* [Work required]: Please tell how many of the lines below contain "Used", using only a number.
(Provided information begins)
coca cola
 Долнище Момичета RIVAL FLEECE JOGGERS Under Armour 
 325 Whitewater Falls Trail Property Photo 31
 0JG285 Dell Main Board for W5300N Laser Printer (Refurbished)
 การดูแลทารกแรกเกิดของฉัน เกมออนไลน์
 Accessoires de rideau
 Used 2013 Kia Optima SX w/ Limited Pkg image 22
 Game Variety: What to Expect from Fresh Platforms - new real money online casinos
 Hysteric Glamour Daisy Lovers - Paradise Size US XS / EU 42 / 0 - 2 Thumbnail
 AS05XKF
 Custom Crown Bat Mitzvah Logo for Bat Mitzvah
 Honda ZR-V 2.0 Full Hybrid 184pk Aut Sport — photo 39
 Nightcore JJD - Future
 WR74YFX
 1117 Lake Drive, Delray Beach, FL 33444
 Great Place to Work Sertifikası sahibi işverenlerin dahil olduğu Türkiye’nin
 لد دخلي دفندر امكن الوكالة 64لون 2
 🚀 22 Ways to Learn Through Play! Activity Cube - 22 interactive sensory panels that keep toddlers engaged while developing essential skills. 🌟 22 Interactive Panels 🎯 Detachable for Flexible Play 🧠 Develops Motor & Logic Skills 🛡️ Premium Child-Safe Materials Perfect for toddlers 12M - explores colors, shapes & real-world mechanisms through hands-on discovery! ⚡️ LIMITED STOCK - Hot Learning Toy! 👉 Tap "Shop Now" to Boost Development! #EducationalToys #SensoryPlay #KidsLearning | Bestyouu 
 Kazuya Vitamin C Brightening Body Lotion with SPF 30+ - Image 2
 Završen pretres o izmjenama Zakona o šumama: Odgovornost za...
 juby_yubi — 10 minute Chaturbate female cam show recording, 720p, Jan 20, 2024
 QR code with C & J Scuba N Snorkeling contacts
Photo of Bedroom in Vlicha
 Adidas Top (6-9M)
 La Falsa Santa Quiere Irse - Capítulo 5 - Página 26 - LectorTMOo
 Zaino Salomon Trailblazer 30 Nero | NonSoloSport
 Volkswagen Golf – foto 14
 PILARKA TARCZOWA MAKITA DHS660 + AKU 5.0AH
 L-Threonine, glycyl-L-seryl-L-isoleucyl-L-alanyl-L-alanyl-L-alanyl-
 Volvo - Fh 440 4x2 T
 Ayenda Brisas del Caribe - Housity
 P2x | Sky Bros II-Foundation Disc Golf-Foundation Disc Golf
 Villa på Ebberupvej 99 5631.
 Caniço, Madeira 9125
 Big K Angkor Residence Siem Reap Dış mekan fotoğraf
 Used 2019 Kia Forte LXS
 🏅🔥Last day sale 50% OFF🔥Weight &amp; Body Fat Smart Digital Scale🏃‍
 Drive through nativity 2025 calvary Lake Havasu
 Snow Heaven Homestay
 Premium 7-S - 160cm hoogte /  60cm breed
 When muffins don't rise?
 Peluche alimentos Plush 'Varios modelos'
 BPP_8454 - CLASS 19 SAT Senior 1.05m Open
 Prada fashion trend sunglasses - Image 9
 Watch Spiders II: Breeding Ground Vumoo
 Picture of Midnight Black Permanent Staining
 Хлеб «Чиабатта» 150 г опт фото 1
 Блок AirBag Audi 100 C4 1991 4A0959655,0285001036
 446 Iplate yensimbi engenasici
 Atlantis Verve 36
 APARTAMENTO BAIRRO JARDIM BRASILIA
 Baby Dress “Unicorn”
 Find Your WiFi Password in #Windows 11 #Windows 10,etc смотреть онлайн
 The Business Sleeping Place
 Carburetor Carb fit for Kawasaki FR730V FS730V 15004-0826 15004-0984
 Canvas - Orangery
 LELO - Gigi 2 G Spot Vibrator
(Provided information ends)
* [Result]: 2